Il fallait donc trouver une solution, alors même que les entreprises pharmaceutiques qui fournissaient le poison se retiraient du marché : trop mauvais pour leur image. Que faire ? Les autorités arizoniennes ont décidé de jouer la carte de la responsabilité individuelle : ce sera désormais le condamné lui-même qui pourra fournir le poison pour sa propre mise à mort. Ainsi, il sera sûr de ne pas se rater ; ou du moins, s’il souffre pendant le processus, ce sera de sa faute.

Les lecteurs assidus de ce blog se souviennent peut-être d’une occasion où nous avons abordé le célèbre épisode de la mise à mort de Socrate : si l’on en croit le récit de Platon, la ciguë que les Athéniens lui ont administrée a remarquablement bien fonctionné.

Une mort sans bavure, bravo ; les Arizoniens pourraient en prendre de la graine. Revenons maintenant brièvement sur ce récit de Platon pour rappeler le passage où Socrate va recevoir la coupe contenant le produit mortel :

« À ces mots, Criton fit signe à l’esclave qui se tenait à leurs côtés. Celui-ci sortit et s’absenta pendant un moment ; il revint avec celui qui allait administrer le poison, qu’il apportait broyé dans une coupe.

Socrate, voyant l’homme, lui dit : ‘Mon cher, puisque c’est toi l’expert en la matière, que faut-il faire ?’

L’autre répondit : ‘Rien d’autre que de boire, puis d’aller et venir jusqu’à ce que tes jambes s’alourdissent, et ensuite de te coucher. C’est comme cela que le poison fera son effet.’

En même temps, il tendait la coupe à Socrate. Celui-ci la prit, et il le fit d’un geste plutôt gracieux, Échécrate, sans trembler et sans que son teint ou son visage ne s’altère. Mais suivant son habitude, il fixa l’homme en le regardant par en bas, à la manière d’un taureau, et lui dit : ‘Que dirais-tu si je versais pour quelqu’un une libation de cette potion ? Est-ce permis ou non ?’

L’autre répliqua : ‘Nous n’en broyons que ce nous évaluons comme la juste quantité à boire.’ »

[voir Platon Phédon 117a-b]

Les Athéniens s’y connaissent en matière de mise à mort : ils savent doser la ciguë de manière à ce qu’elle tue en douceur. Socrate voudrait cependant faire une libation, c’est-à-dire verser à terre quelques gouttes du poison, ce que le préposé refuse car le dosage a été calculé très précisément. Mais à qui diable Socrate veut-il offrir cette libation ? Sans doute à la divinité qui a eu la bonté de le délivrer de la vie. Le poison, pharmakon en grec, est aussi un remède, et pour Socrate, la pire maladie, c’est la vie.
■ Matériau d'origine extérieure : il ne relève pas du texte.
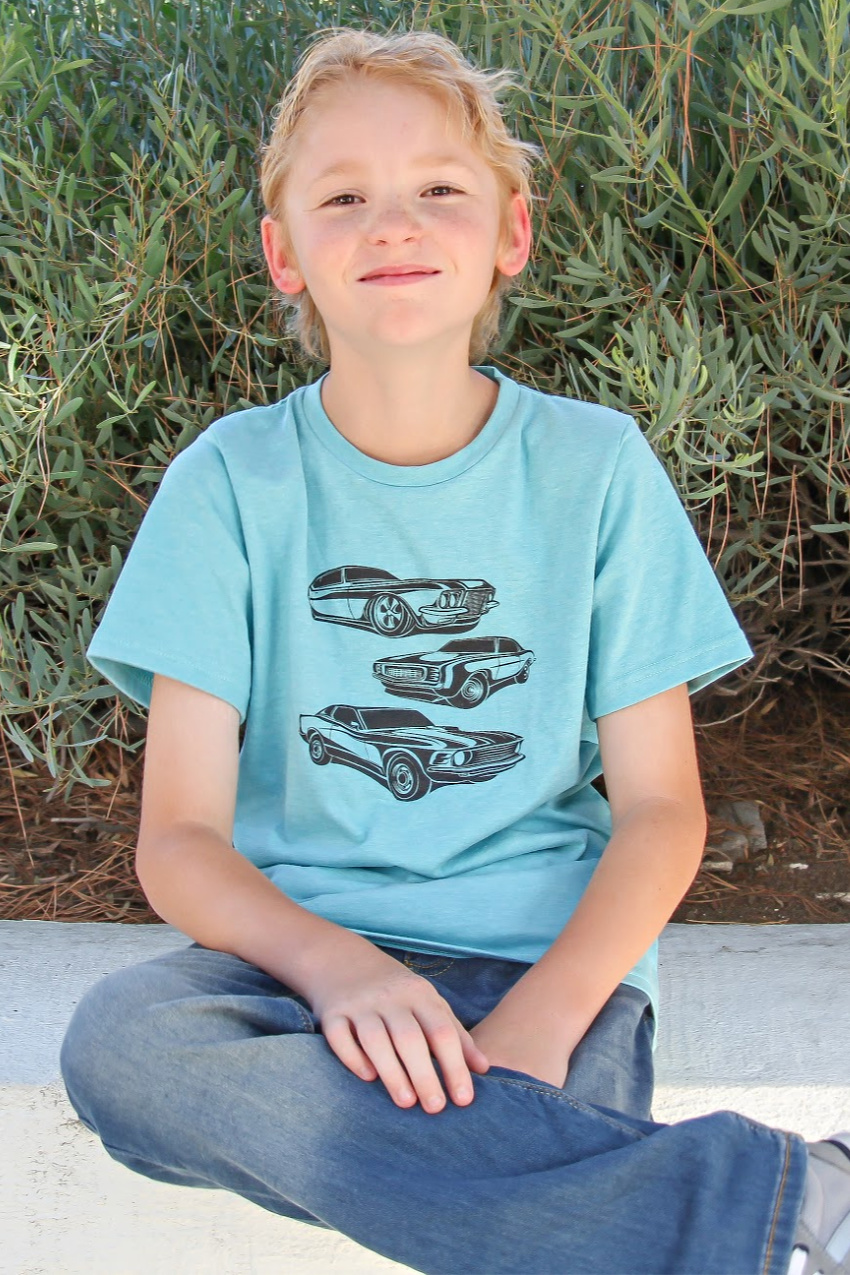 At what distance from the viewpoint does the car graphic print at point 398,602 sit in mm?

Ceci dit, on appréciera toute l’ironie de Socrate, qui ne perd pas une occasion pour provoquer son entourage, y compris le préposé chargé de lui livrer le poison mortel.
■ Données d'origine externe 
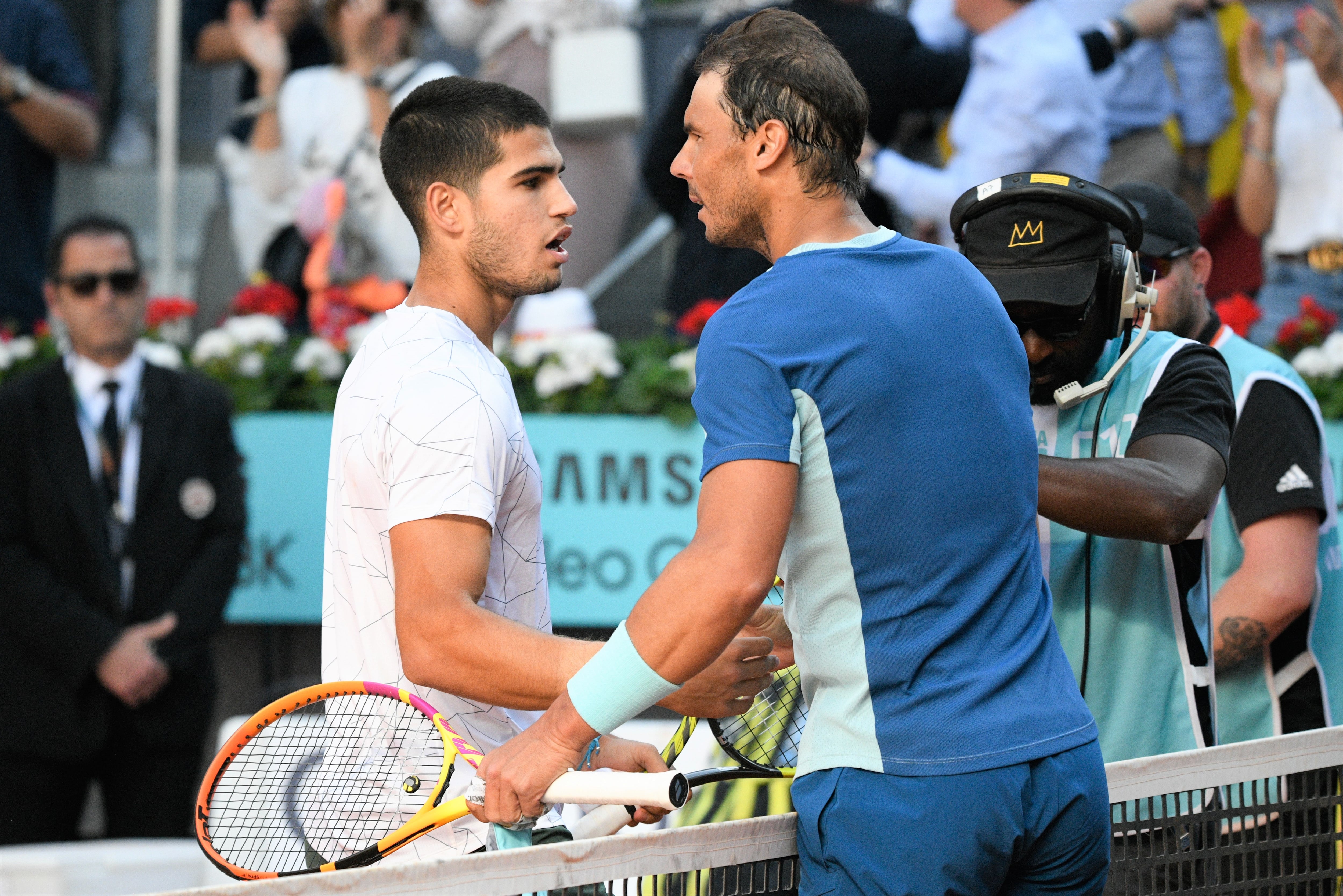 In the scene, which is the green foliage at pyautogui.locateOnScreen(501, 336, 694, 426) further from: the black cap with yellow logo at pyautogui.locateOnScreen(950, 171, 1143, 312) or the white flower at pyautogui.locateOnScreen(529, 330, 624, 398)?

Fort bien : mais tout le monde ne s’appelle pas Socrate, et la perspective de mourir empoisonné n’est pas forcément perçue comme une délivrance par le commun des mortels. Or chercher à tuer « proprement », c’est un peu éluder le problème en se concentrant sur les détails de la procédure. Derrière le cas récent qui s’est produit dans l’Arizona, on retrouve une question plus fondamentale : même dans des cas avérés où une personne a commis un crime atroce, les hommes ont-ils le droit de le mettre à mort ? Manger un autre être humain nous paraît interdit car ce serait nier notre propre humanité ; alors, tuer un autre être humain ? En offrant aux condamnés la possibilité de fournir leur propre poison, les autorités de l’Arizona évitent de faire face à leur responsabilité dans la mise à mort de leurs prisonniers.